Ci, którzy nie pójdą tą ścieżką, mogą odejść pracowników, którzy nie chcą wrócić, z westchnieniem ulgi, ponieważ oznacza to, że mogą uniknąć kolejnego zwolnień i odpraw, które się z tym wiążą. Dynamika wydaje się być całkowitym zwrotem sprzed roku, kiedy wielu pracowników technicznych rozważało odejście, Zwłaszcza jeśli firmy wymagały od nich powrotu do biura.

Podmuch (ed) z przeszłości

Podsycanie ogólnej paranoi i ostrożności to notatki analityków finansowych, takie jak przewidywanie „apokolipsy” lub pęknięcie bańki w aplikacjach mobilnych.

„Definiujemy tę technologiczną bessę jako epokę, w której wydatki wymagają większego uzasadnienia w odniesieniu do [zwrotu z zainwestowanego kapitału] i [od wartości życiowej klienta do kosztu pozyskania klienta], pieniądze nie płyną już swobodnie, a bliższe podstawy mają większe znaczenie niż długoterminowe marzenie” – powiedział analityk Bernstein Mark Shmulik w złowieszczej notatce z 13 lipca.

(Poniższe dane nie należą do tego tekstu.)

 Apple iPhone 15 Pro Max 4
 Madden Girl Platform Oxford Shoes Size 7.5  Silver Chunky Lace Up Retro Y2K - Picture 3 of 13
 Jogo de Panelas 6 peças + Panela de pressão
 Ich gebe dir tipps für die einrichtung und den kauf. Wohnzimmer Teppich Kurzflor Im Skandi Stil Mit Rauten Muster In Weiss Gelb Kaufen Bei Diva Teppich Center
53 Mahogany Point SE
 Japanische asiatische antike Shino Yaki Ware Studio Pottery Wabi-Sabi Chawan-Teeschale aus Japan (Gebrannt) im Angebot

„Problem z tym podejściem polega na tym, że firmy utknęły w środowisku o niższym wzroście, aby utrzymać marże w ryzach, co prowadzi inwestorów do kwestionowania historii wzrostu – błędnego koła zamachowego” – ostrzega Shmulik.

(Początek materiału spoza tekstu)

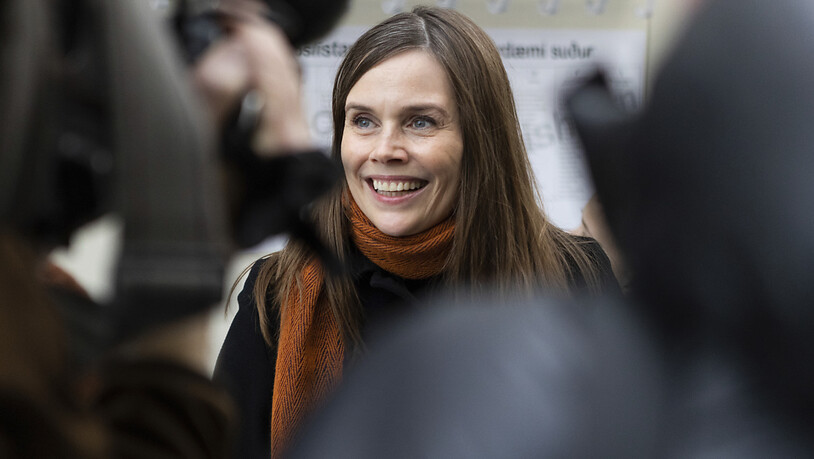 Katrin Jakobsdottir, Ministerpräsidentin von Island, spricht nach ihrer Stimmabgabe bei den Parlamentswahlen mit Journalisten. Einen Tag vor der Bundestagswahl in Deutschland haben die Menschen auf Island damit begonnen, ein neues Parlament zu wählen…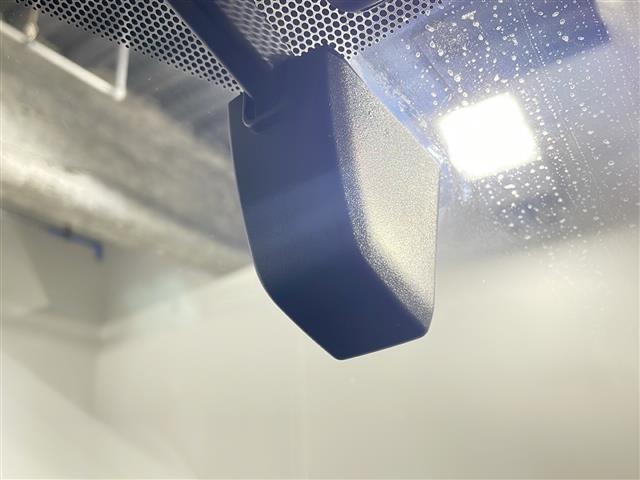 【　ドライブレコーダー　】運転中の記録を残します。事故などを起こした起こされた時の証拠を残します。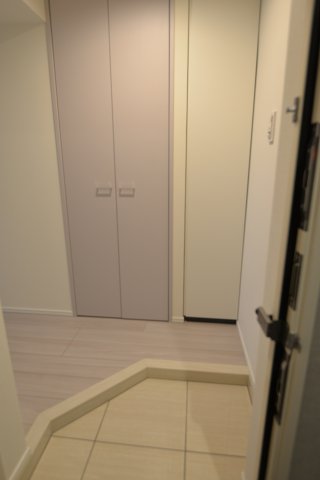 玄関　＊2023年撮影　別部屋参照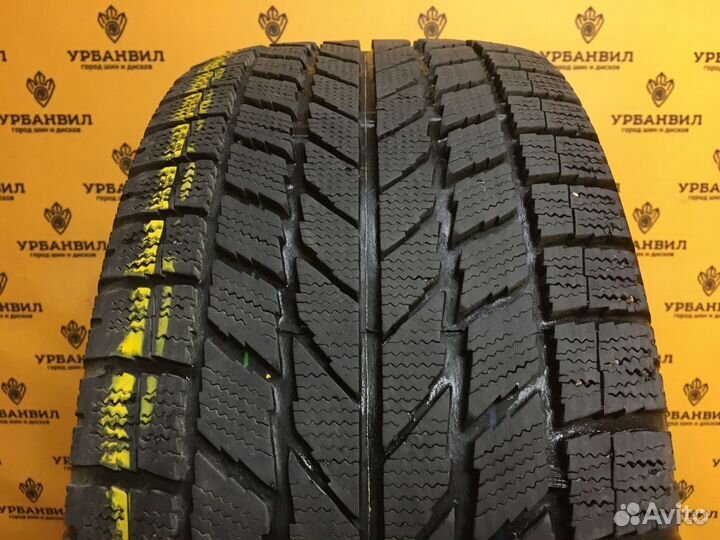 Toyo Observe Garit KX 235/45 R17 93Q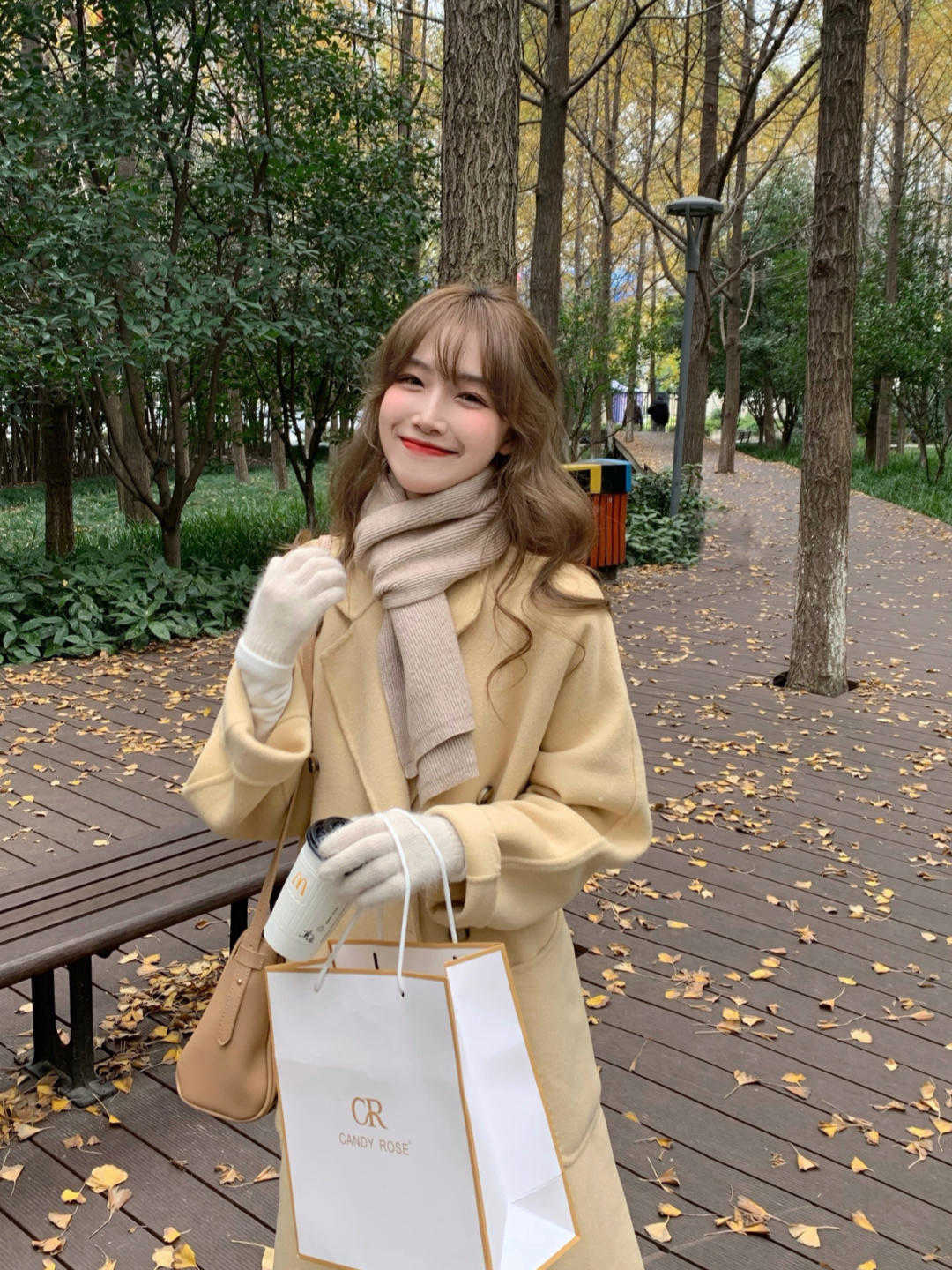 时尚博主 不露腿的秋冬穿搭来喽,大衣搭配牛仔裤保暖舒适,时髦又显气质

Nie przegap: Boom w chmurze wraca na ziemię, a to może być przerażające dla akcji spółek technologicznych

Ale Rob LoCascio, długoletni dyrektor generalny LivePerson, który przeżył kryzys na początku XXI wieku, postrzega obecne spowolnienie jako bladą imitację tego, co się wtedy wydarzyło, i raczej jako erę korekcyjną.

„Na początku 2000 roku musieliśmy zrestrukturyzować firmę w 2001 roku po zwolnieniu większości naszych pracowników, 140 ze 180, ponieważ traciliśmy klientów z godziny na godzinę”, powiedział LoCascio MarketWatch. „Połowa naszych klientów to dotcomy. Tym razem sytuacja nie jest tak straszna. Przycinamy, a nie tniemy. Tym razem giełda reaguje przesadnie.